In a town of imported celebs, Red Auerbach is the District’s real deal.

The lobby of the New Mexico Avenue office building in Wesley Heights has an exotic aroma: a mixture of delicacies from the adjoining upscale food emporium and the redolence of a Hoyo de Monterrey. None of the building’s occupants complain about the notorious habit of tenant Red Auerbach, ranked by Cigar Aficionado as the eighth most famous cigar smoker in history. (Winston Churchill was No. 1, Groucho Marx No. 11.) The menu of Legal Sea Foods in Boston says, “No cigar or pipe smoking, except for Red Auerbach”; the 84-year-old legend appears to have been granted a similar de facto exemption from D.C.’s anti-smoking ordinances.

Auerbach’s second-floor office consists of one modest-sized room. His name is on the door. There is no secretary: If you knock on the door and Auerbach is in residence, you are greeted by the man himself.

The walls are crammed with pictures of Bill Russell, Bob Cousy, John Havlicek, Tom Heinsohn, Sam Jones, and other Boston Celtics, the team he coached to eight National Basketball Association championships in a row between 1959 and 1966—a record that will never, ever, be broken.
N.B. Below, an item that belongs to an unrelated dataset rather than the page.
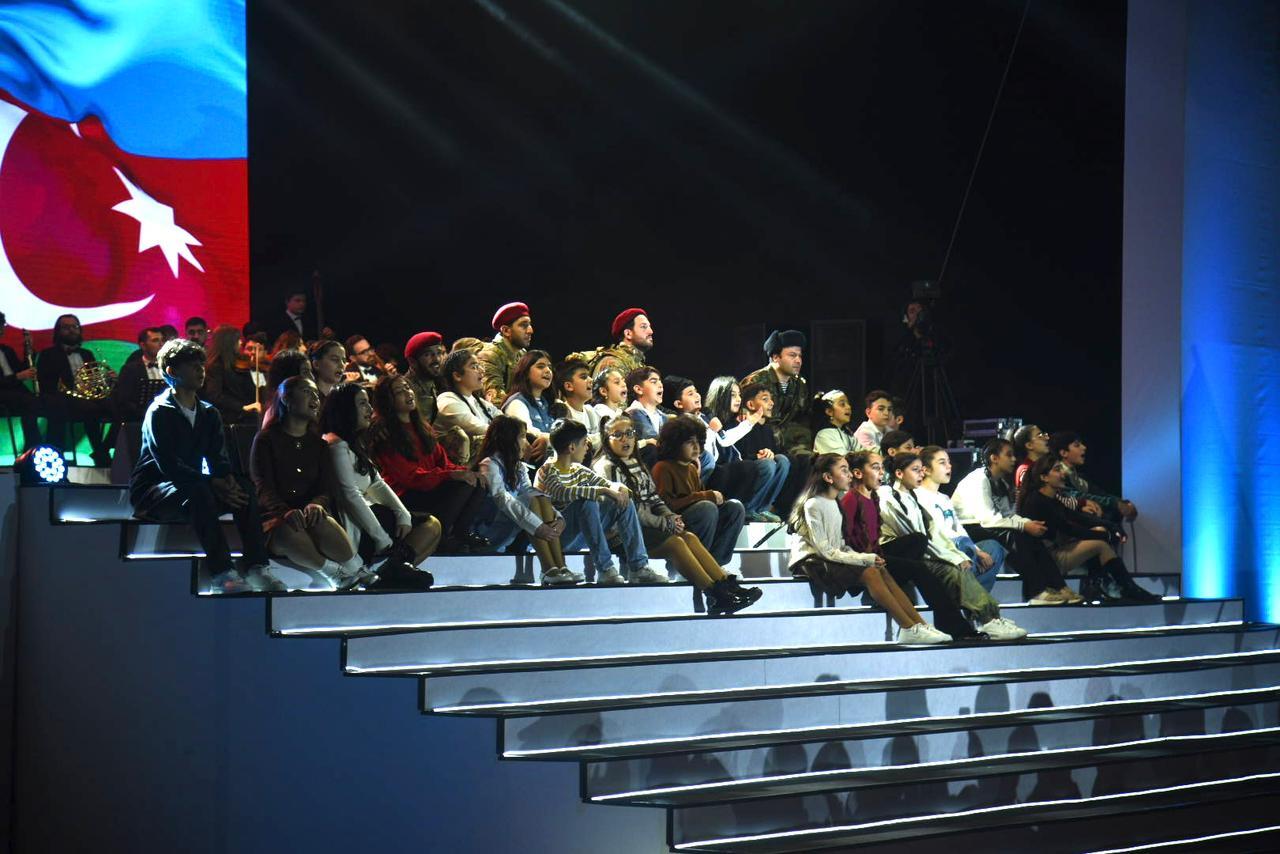 В Баку проходит праздничный концерт, посвященный Дню Победы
In a corner is a replica of the statue of a seated Auerbach (with cigar) that greets visitors to Faneuil Hall, the Boston market built in 1742.

Auerbach’s memory seemingly is intact. He sees and hears just fine. His handshake is firm. He chooses his words carefully, speaking each slowly with a scratchy Runyonesque voice that retains his native Brooklyn. And he does not suffer fools.
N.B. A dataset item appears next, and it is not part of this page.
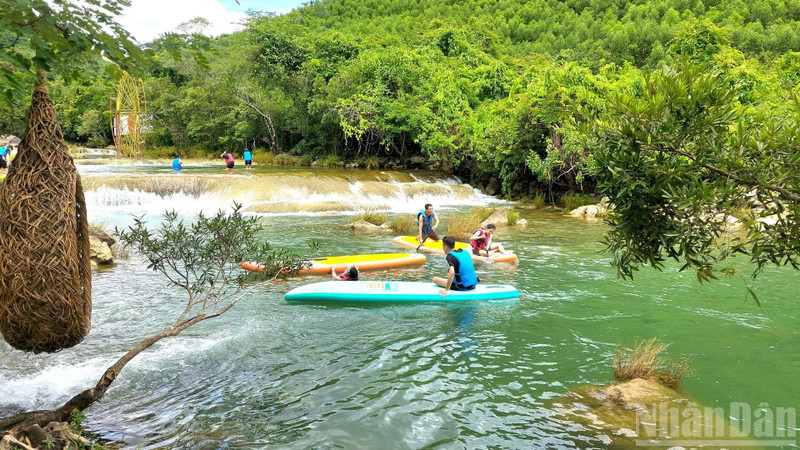 Des rivières sauvages avec l’eau transparente et fraîche à Quang Tri (anciennement Quang Binh) attirent les touristes cet été.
“I hate to upset you, but that’s an awful dumb question,” Auerbach chuckles, not unkindly. He has been asked to name the players of his era who had the skill and athleticism to match up with Allen Iverson and other current NBA stars. “There is no man in his right mind who has seen them play who can say that Russell, Wilt Chamberlain, Oscar Robertson, Jerry West, Bob Cousy, Elgin Baylor, Bob Pettit, Dolph Schayes, Nate Thurmond—and I could go on and on and on—would not be stars in today’s game.” He pauses. “The only difference between those athletes of then and the ones today is the fact that there are more of them today.”

Auerbach’s opinions still matter, even though he has not coached since 1966, when Michael Jordan was 3 years old. He remains in the Celtics’ front office, and still scouts for them. Current Celtics coach Jim O’Brien calls him frequently. “I don’t volunteer or interfere in his coaching,” says Auerbach. “If he’s got a problem, he’ll come to me, or he’ll ask me.”
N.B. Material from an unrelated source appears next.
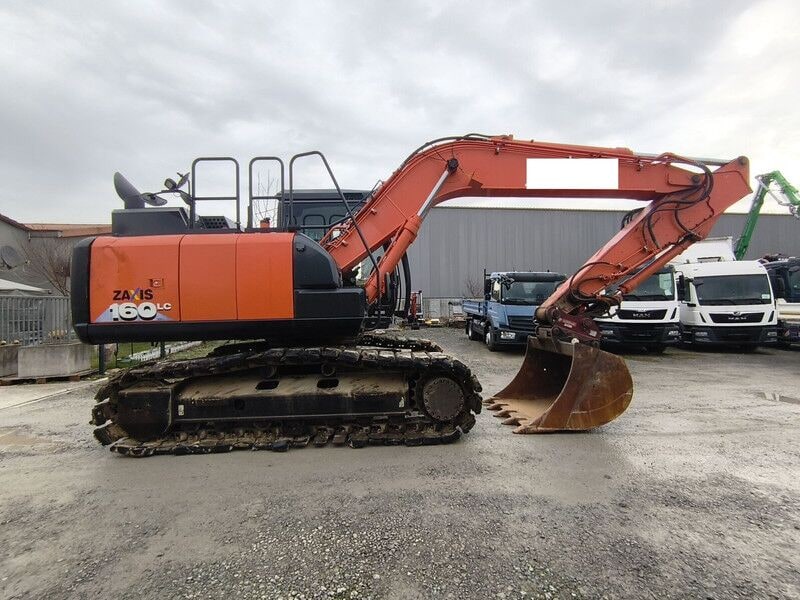 2018 Hitachi Zaxis 160LC crawler excavator, side view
Most of the conversations with O’Brien are by long-distance telephone. Although Auerbach has been happy to accept glory and fame in Boston, he likewise has been content to live quietly and without fanfare in Washington. It always has been that way, even when he was winning all those championships for Boston.

Auerbach has not exactly been hiding all these years. He is a charter member of the Washington Hall of Stars, the honor roll of athletes and sportsmen ringing the mezzanine level at RFK Stadium. A banner of a smiling Red Auerbach hangs at George Washington University’s Smith Center. Nevertheless, the thought of Auerbach, a man so closely connected to Boston, living in Washington still seems incongruous.

In fact, Arnold Jacob Auerbach is a New York native, born Sept. 20, 1917. His father was a Russian Jewish immigrant who ran a clothes-cleaning business in the Williamsburg neighborhood of Brooklyn. There were few football and baseball fields nearby, so young Arnold took to basketball and handball.

At Eastern District High School, he got serious about basketball, making second team all-Brooklyn as a senior. From there, he went to Seth Low Junior College, a feeder school for Columbia University. A classmate was Isaac Asimov, who also later found fame, as a science-fiction writer. (“He was a good guy—everybody liked him,” recalls Auerbach. “He was not an athlete, though.”)

Seth Low closed after his freshman year. The basketball coach at George Washington University, Bill Reinhart, had seen Auerbach play and offered him a basketball scholarship. Auerbach arrived in Washington in 1936. He has never left.

In 1936, only 45 years had passed since James Naismith had invented basketball. The game was early in its evolution and in some respects would be unrecognizable to the modern fan. The now-extinct two-handed set shot, in which the player would shoot the ball from his chest without leaving his feet, was the vogue. There was no shot clock, and a team might hold the ball for minutes at a time, waiting for an opening.

Within this framework, Reinhart and the Colonials played a running game that was progressive for its time, which Auerbach took with him and fine-tuned throughout his coaching career. The Colonials played their home games at McKinley Tech High School in Northeast Washington and at Riverside Stadium, which was located on the Potomac River where the Kennedy Center now stands.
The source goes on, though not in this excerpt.